Talking of interesting surveys, I received another one recently
about money laundering.

This survey was performed by Veris, who interviewed almost
300 senior Anti-Money Laundering (AML) and compliance executives across 46
countries.

Interesting findings:

  • 61% of survey respondents cite an increase in
    board involvement in monitoring anti money laundering (AML) activities
  • 66% of survey respondents saw an increase in
    their AML and Office of Foreign Assets Control (OFAC)* compliance budgets
  • 32% consider their AML and OFAC compliance
    budget to be inadequate or severely inadequate
  • 75% identified automated transaction monitoring
    systems as the main cost driver in their AML and OFAC compliance efforts
  • 75% identify automated transaction monitoring
    systems as the main cost driver in their AML and OFAC compliance efforts
  • 53% estimate an impact on their compliance
    budget from the Foreign Corrupt Practices Act (FCPA)

You can read more about this survey here.

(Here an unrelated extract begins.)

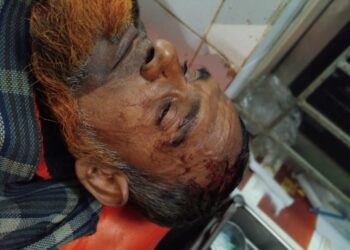 মোহনগঞ্জে গভীর নলকূপ স্থাপন নিয়ে সংঘর্ষ, দা-বল্লমের আঘাতে দুইজন গুরুতর আহত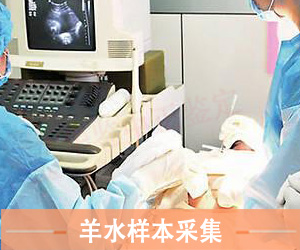 淄博羊水样本采样方法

If this area is of real interest to you, then come along to a
FREE discussion I am chairing on September 24th

The meeting will debate the relevance of Big Data Analytics
in relation to AML and Fraud at Level 39, Canary Wharf, and features Forrester
followed by a panel discussion featuring myself, as moderator, and:

  • Derek Wylde, Global Head of Fraud Management,
    HSBC
  • Stephen Foster, Director Anti-Money Laundering,
    Group Financial Crime, Barclays Bank
  • Ram Chinta, PolarisFT
  • Paul Phillips, Hortonworks
  • Martha Bennett, Principal Analyst, Forrester

The event is organised by Polaris and Hortonworks, and takes
place from 18:00 on September 24. 

YOU CAN GET YOUR FREE TICKET BY REGISTERING HERE 

 

* OFAC

The Office of Foreign Assets Control (OFAC) of the US
Department of the Treasury administers and enforces economic and trade
sanctions based on US foreign policy and national security goals against
targeted foreign countries and regimes, terrorists, international narcotics
traffickers, those engaged in activities related to the proliferation of
weapons of mass destruction, and other threats to the national security,
foreign policy or economy of the United States. OFAC acts under Presidential
national emergency powers, as well as authority granted by specific
legislation, to impose controls on transactions and freeze assets under US
jurisdiction. Many of the sanctions are based on United Nations and other
international mandates, are multilateral in scope, and involve close
cooperation with allied governments. 

About Chris M Skinner

Chris M Skinner
Chris Skinner is best known as an independent commentator on the financial markets through his blog, the Finanser.com, as author of the bestselling book Digital Bank, and Chair of the European networking forum the Financial Services Club. He has been voted one of the most influential people in banking by The Financial Brand (as well as one of the best blogs), a FinTech Titan (Next Bank), one of the Fintech Leaders you need to follow (City AM, Deluxe and Jax Finance), as well as one of the Top 40 most influential people in financial technology by the Wall Street Journal’s Financial News. To learn more click here...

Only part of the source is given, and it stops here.